** DATASET CONTENT follows **

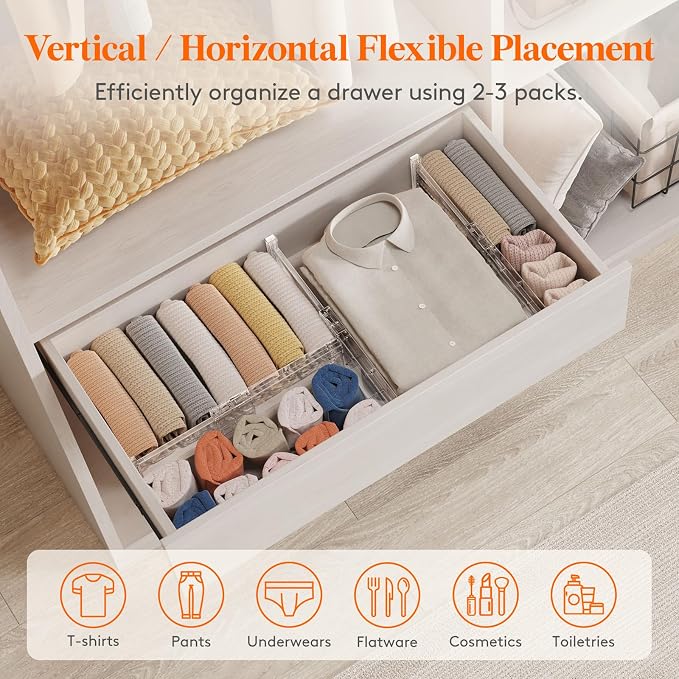 Lifewit 12 Pack 4" High Drawer Dividers 28-43.5cm/11-17" Adjustable Drawer Organizer for Clothes/Utensils, Expandable Drawer Organizer in Dresser/Kitchen/Bedroom/Office Organization & Storage Clear - Image 4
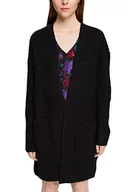 Swetry damskie - edc by ESPRIT Damski kardigan z dzianiny, 001/Black, XXL - miniaturka - grafika 1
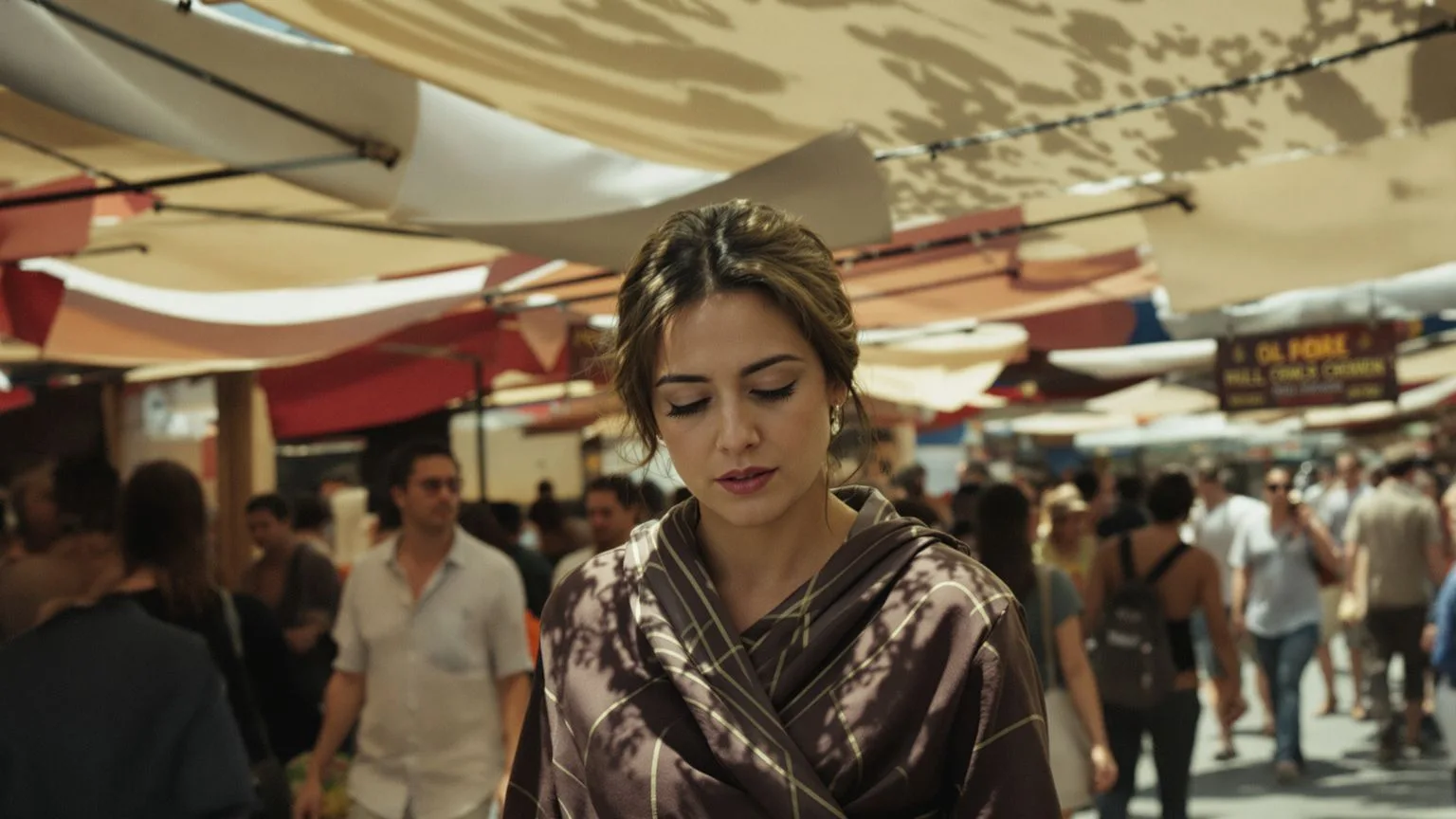 Woman walking through crowded market with body braced showing why decisions get harder under activation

** End of DATASET CONTENT **

> [EXERCISE]:
What you return should be all of the material above, exactly, and none of its pictures.

> [EXERCISE ANSWER]:
 Lifewit 12 Pack 4" High Drawer Dividers 28-43.5cm/11-17" Adjustable Drawer Organizer for Clothes/Utensils, Expandable Drawer Organizer in Dresser/Kitchen/Bedroom/Office Organization & Storage Clear - Image 4
 Swetry damskie - edc by ESPRIT Damski kardigan z dzianiny, 001/Black, XXL - miniaturka - grafika 1
 Woman walking through crowded market with body braced showing why decisions get harder under activation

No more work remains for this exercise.